WHAT YOU ARE ASKED TO DO →
The output is the line containing "BMW X7 SUV Facelifting" plus every later line down to the end of the listing below, copied exactly. No pictures belong in it.

GIVEN DATA →
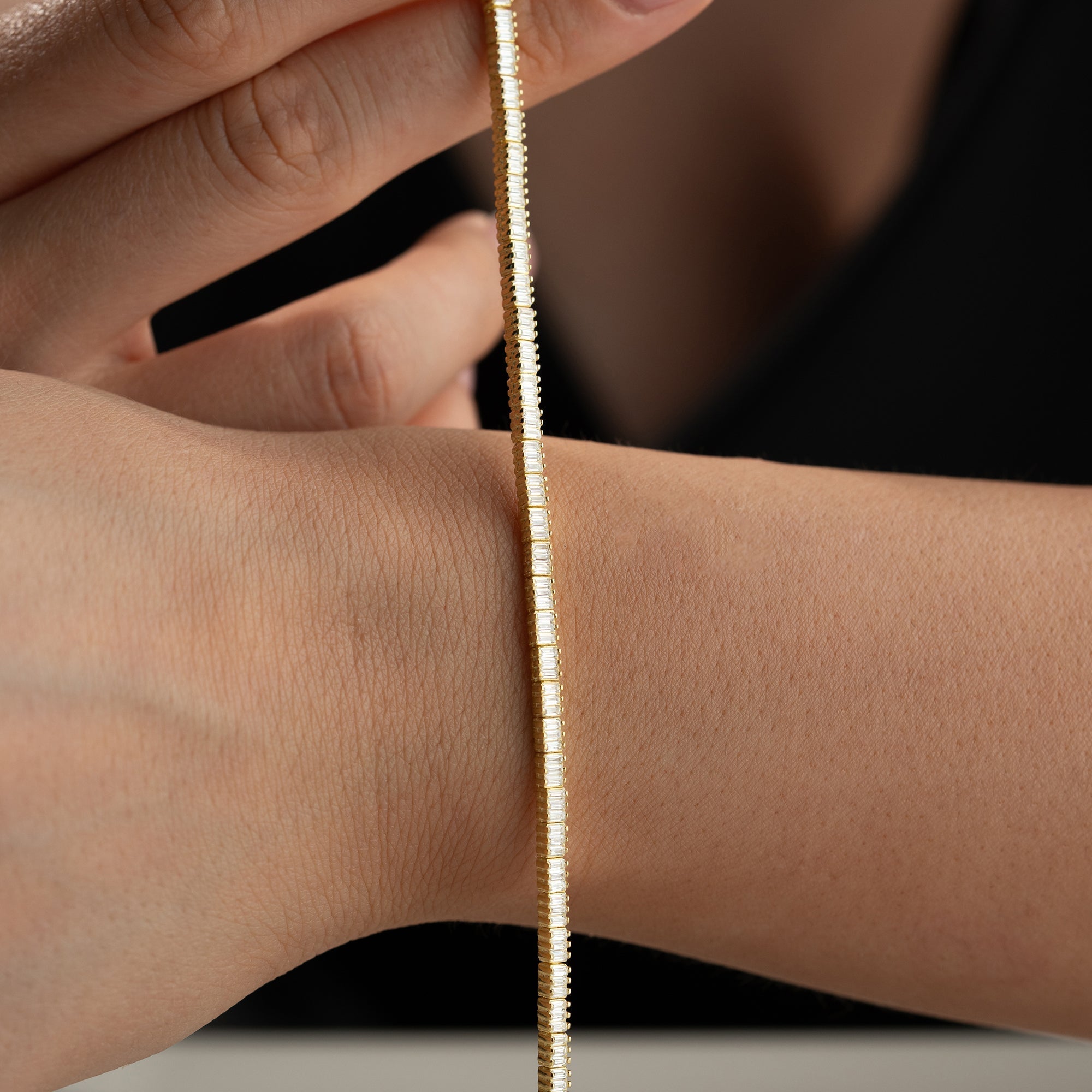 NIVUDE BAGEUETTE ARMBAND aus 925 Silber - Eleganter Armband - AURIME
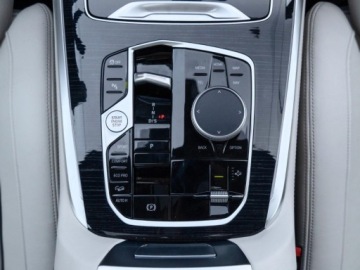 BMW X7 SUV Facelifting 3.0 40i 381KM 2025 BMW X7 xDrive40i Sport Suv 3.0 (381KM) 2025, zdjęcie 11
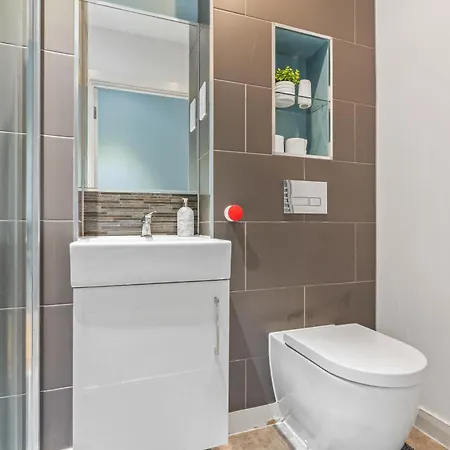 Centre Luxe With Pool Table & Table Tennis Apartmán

SOLUTION →
 BMW X7 SUV Facelifting 3.0 40i 381KM 2025 BMW X7 xDrive40i Sport Suv 3.0 (381KM) 2025, zdjęcie 11
 Centre Luxe With Pool Table & Table Tennis Apartmán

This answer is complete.